A semantic search engine to search for equivalent C codes.
This engine is used to search for equivalent C-codes students might have written in the given data set of student code submissions and their corresponding IDs.
Contains 8 python scripts:
1. xlreader.py - reads StudentIDs and their respective codes from an xl sheet (col1 StudentID, col2 corresponding code submitted) and extracts all the code into separate files in the folder codedata with file names as <studentID>.c and also makes a list of studentID and studentcodefiles in the file 'files'. Also note that if the codes are not compiler preprocessed codes, this script will remove preprocessor directives and strip all comments from them.
2. dataFeeder.py - feeds the student codes in codedata into hashgen.py which is the code phrase indexer
3. hashgen.py - Reverse indexes all possible codephrases in the given codedata to the studentIDs of student who have submitted them.
4. codeSearch.py - uses the reverse index generated by hashgen.py to search for the given code phrase in the given data of codes and returns the StudentIDs of students who have submitted such code phrases (structurally similar codes).
5. cleaner.py - cleans all generated data for fresh processing
6. parse_checker.py - does a final check if all the codedata generated parses properly.
7. test_validate.py - takes the last two of the codes read out of xlreader.py and uses them in validating the indices.
8. eclasses.py (TBD) - used to find equivalence classes and attempt classes
IMPORTANT:
1. The assumption is the codes given parse successfully, i.e. they are syntactically correct (failing which this doesn't parse it or use it in the search engine).

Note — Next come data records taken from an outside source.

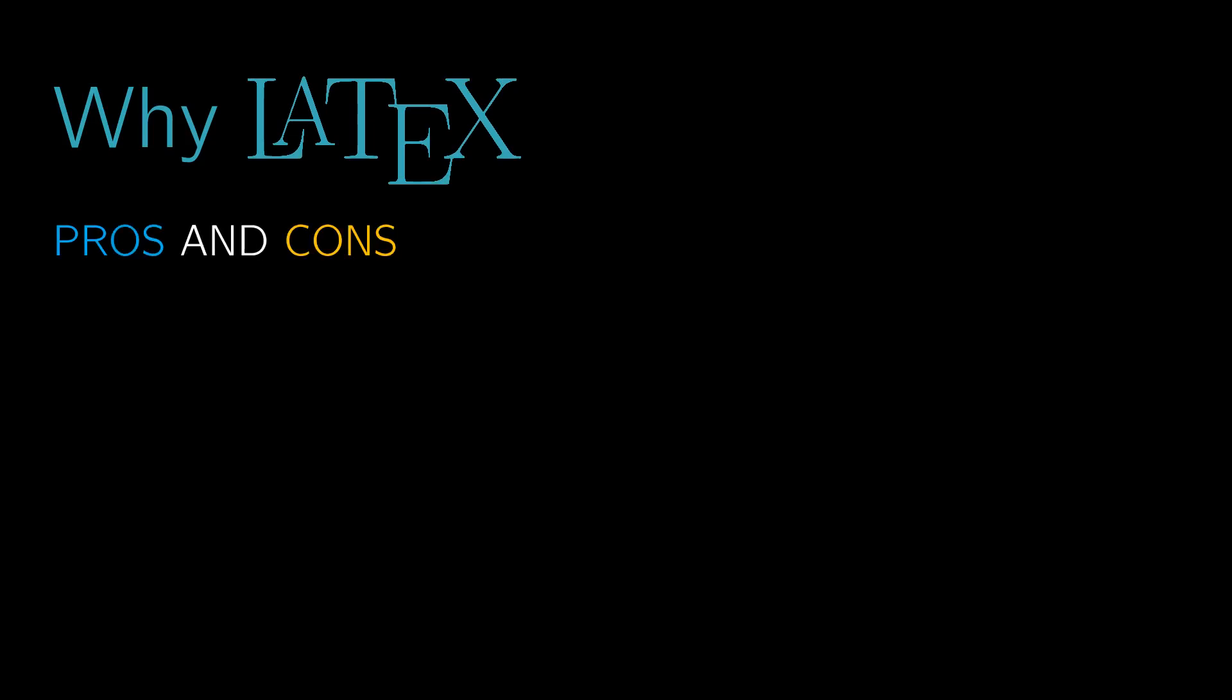In this video, we will introduce and explain why you should use LaTeX to write your documents. We will also explore the pros and cons of using it. Let's go!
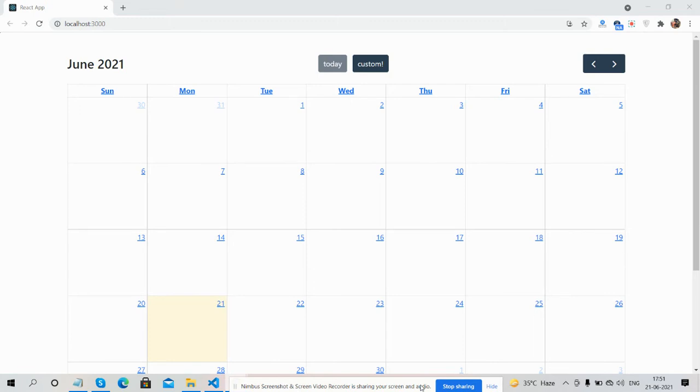So guys, here we go. First on my screen you can see React.js is working fine with full calendar and default buttons.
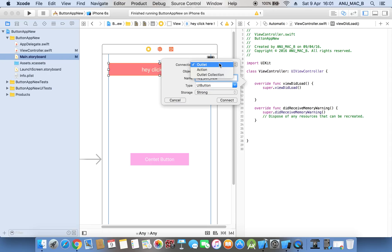Now we are discussing about the outlet. What is the outlet? We will also discuss the action and the outlet collection. We are already using the label outlet. For example, if we want to change the button title programmatically, then we need to use this button as an outlet.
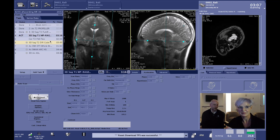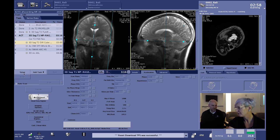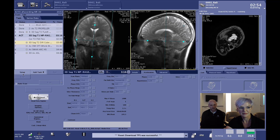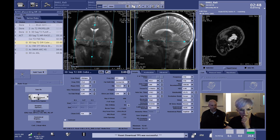Typically, if you were to do this without Air Recon DL, you are not going to be accelerating as much, and you are not going to be doing this resolution either. Scan times would easily be four and a half to five minutes with this particular acquisition. So there is a huge benefit here in using this in regard to workflow and productivity, while also getting better images.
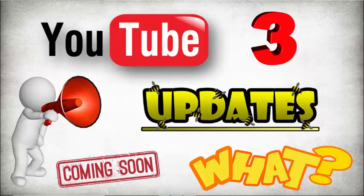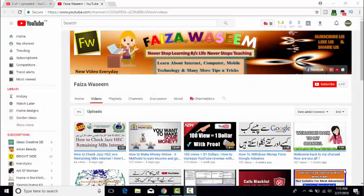Before starting, I have a request for all of you: if you have not subscribed to my channel till now, then click and subscribe. You can also right-click on the subscribe button to subscribe easily. The benefit is that when I upload a new video, you will get a notification and you will not miss any video.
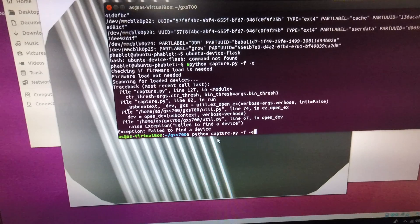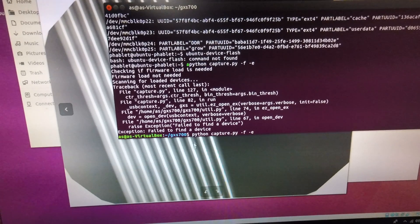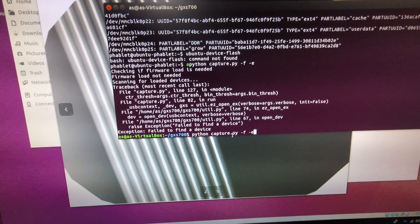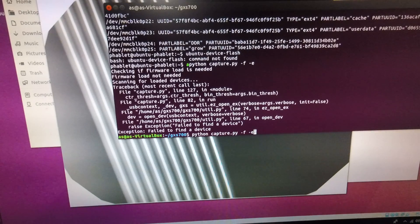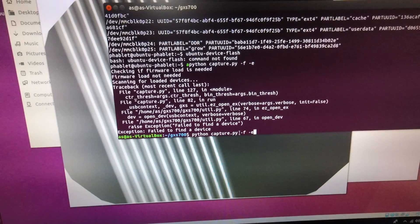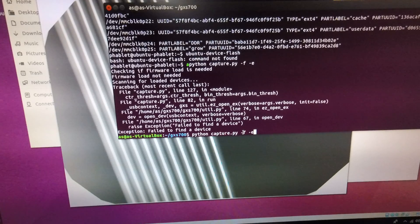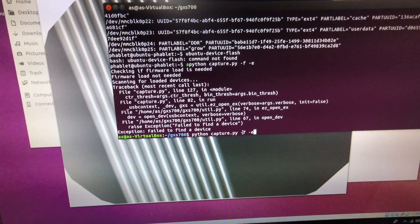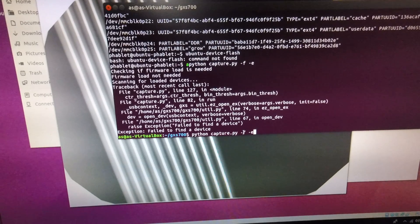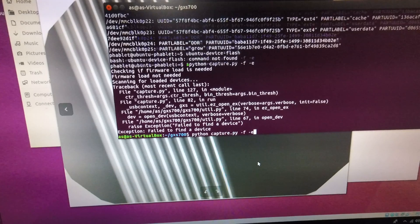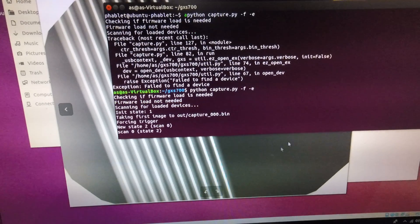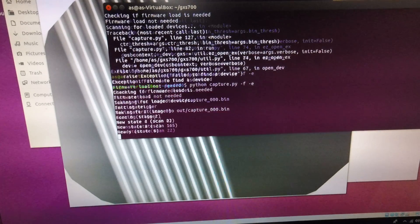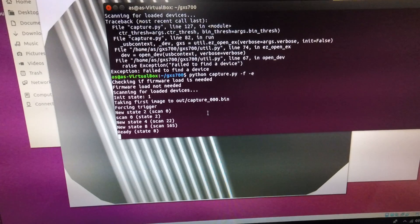So I'm going to do a dark field capture. The command is python capture dot py dash f dash e. Dash f forces the trigger without x-ray exposure. Normally the sensors would just be auto triggering and the dash e does histogram equalization. So it's going through the triggering. It's taking the image.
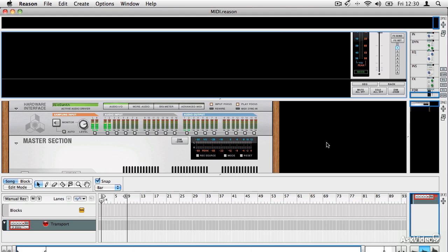Hello, and welcome to this overview of Reason. Reason is one of the most user-friendly music production packages around. It's been around for a few years. It's now got to the stage where it's a really fully capable music production environment.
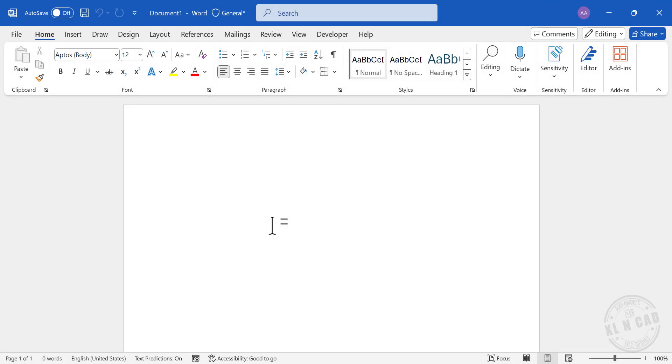In this video, I will show you seven different methods for creating a table in Microsoft Word.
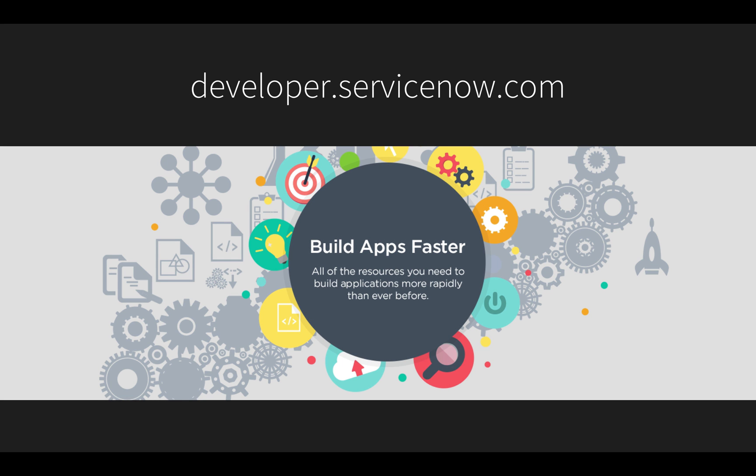I also invite you to visit developer.servicenow.com to get a free developer instance to try the concepts demonstrated in this video and learn more about building business applications fast on ServiceNow.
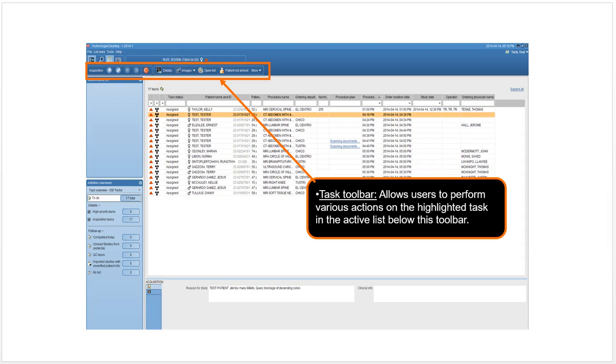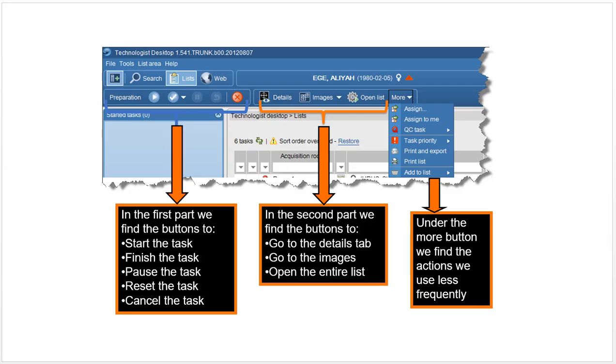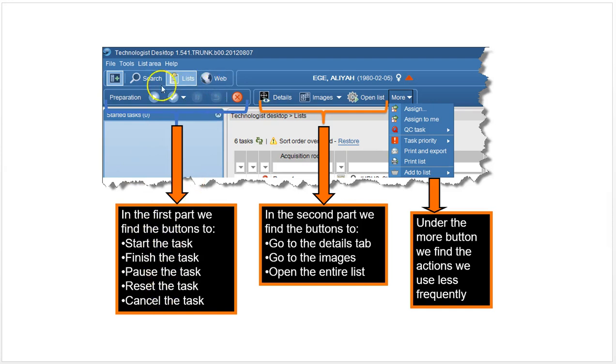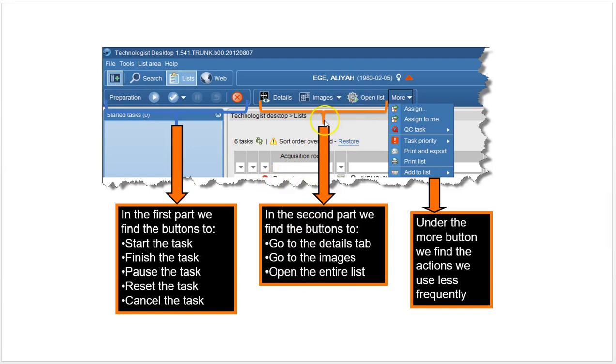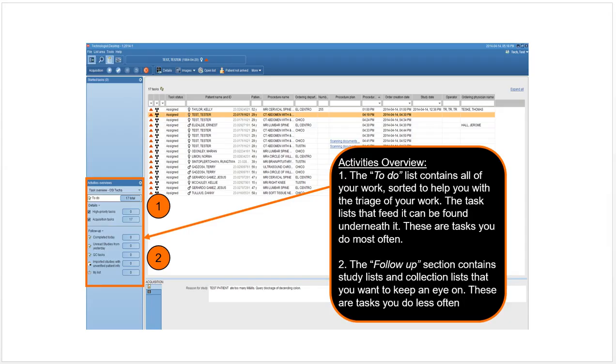In the technologist taskbar, you have start the task, finish task, pause task, reset the task, cancel the task. Here you have go to details tab, go to the images, open the entire list section here. Then under more, you have a bunch of things that are used a lot less frequently, so they're all under that drop-down menu.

2. Use the utility dos2unix to remove carriage returns etc. which will be considered syntax errors in the parser.
3. This system can be used as a scalable indexer to incrementally add indices of codephrases of codes using hashgen.py
$ python hashgen.py <studentID> <code_file>
This adds the indices of the new code_file to the stored indices
USAGE STEPS:
INDEX GENERATION:
1. Run the xlreader.py which outputs filelist in 'files'
$ python xlreader.py <code_excel_sheet> <number_of_submissions>
1a. Run the utility 'dos2unix' for file conversions on all the codes extracted in the folder codedata
$ dos2unix codedata/*
1b. Run parse_checker.py to verify that all the codedata now can be parsed properly (OPTIONAL)
$ python parse_checker.py files
2a. Feed this to dataFeeder.py as arguement and run dataFeeder which feeds data to hashgen.py
$ python dataFeeder.py files
-----------OR-------------
2b. This system can be used to incrementally add indices of codephrases of codes using hashgen.py. This is done so:
$ python hashgen.py <studentID> <code_file>
SEARCH:
Give your code stub file as arg to codeSearch.py and run it. It will look for a match
$ python codeSearch.py test_codestub.c
-----------OR-------------
If you have test data used by using xlreader.py, then use test_validate.py to produce excel sheets of codephrases in the testdata and their corresponding occurences in other student submissions
$ python test_validate.py <studentID> 'testdata/<studentID>.c'
CLEANING:
Run cleaner.py to clean all generated code on finishing
$ python cleaner.py